Hubo gestos de saludo que Simms apenas pudo soportar, hasta que por fin pudo preguntar con aspecto indiferente:

– Ernie, ¿sabes por qué nos citó Al?

– No tengo ni idea -respondió Dulare. Su ignorancia no parecía preocuparlo-. Me llamó y vine. Hace bastante que no veo a Al. ¿Dónde está?

– Va a venir enseguida -contestó Faran.

– Perdón -dijo Simms, y fue a hacer una llamada telefónica al recibidor, pero allí estaban los dos guardaespaldas de Dulare, dos hombres fuertes con trajes color pastel, hablando de deportes.

Los guardaespaldas eran, por lo que sabía Simms, el único capricho de Ernie Dulare. Ya nadie andaba así, no era necesario. Ni siquiera Al Lozini andaba rodeado de guardaespaldas.
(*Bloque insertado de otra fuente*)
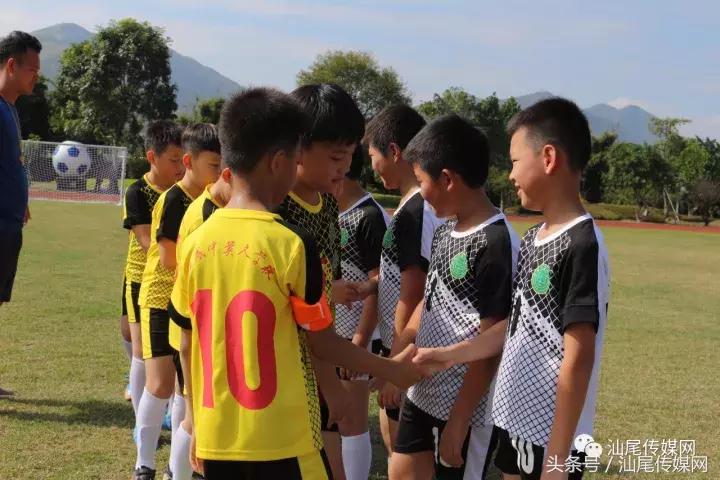 德成中英文学校晚会,德成中英文学校元旦直播回放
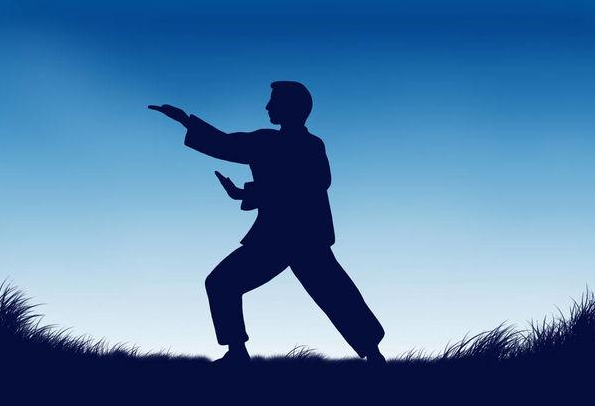 太极拳有哪些门派(太极拳有哪些门派)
Pero Dulare, que viajaba mucho y asistía a cantidad de fiestas y pasaba mucho tiempo en público, jamás se movía sin sus dos gorilas. No los necesitaba, pero evidentemente a Dulare le encantaba tenerlos; como un pistolero profesional en el antiguo oeste que prefiriese los revólveres con cachas de nácar por más que las convencionales fueran más seguras y llamaran menos la atención.

Dada la presencia de los dos guardaespaldas en el recibidor, Simms fue a buscar otro teléfono. Oyó movimientos en el piso superior; probablemente era la señora Lozini y su hija casada, cuyo marido estaba preso por haber falsificado un cheque. Había sido su primer delito y habría podido salir bajo fianza si no hubiera sido yerno de Al Lozini; el juez quería demostrar que no estaba sobornado.

Había un teléfono en la biblioteca, una estancia llena de revistas y libros religiosos. Simms llamó a Donna y cuando oyó su voz clara y feliz, le sonrió al teléfono.

– Hola, querida -dijo-. Soy yo.

– Hola. -Él podía verla en su cocina roja y amarilla, reclinada en la pared junto al teléfono, los pies cruzados-. Hace mucho tiempo que no te veo, forastero.

– Sabes que a veces hay cosas -respondió-. Escucha, ahora estoy en una reunión, pero ¿qué te parece si voy en cuanto acabe?

– Me encantaría. ¿Cuánto durará?

– No sé. Estamos esperando a Lozini. Pero no tardará mucho. Te llamaré nada más terminar.

– No es necesario que llames -dijo ella-. Estaré esperándote.

«Me quiere», pensó Simms y sintió expandirse en su pecho la ternura.

– Eres una chica preciosa -le dijo.

Se rió. En realidad lo quería.

– No tardes mucho -le pidió.

– No.

Colgó y volvió a la sala. Cuando pasaba por el recibidor, los guardaespaldas lo miraron con indiferencia. En la sala, Dulare, Walters y Faran estaban en grupo de pie junto a la ventana, hablando. Dulare terminaba la bebida de Simms.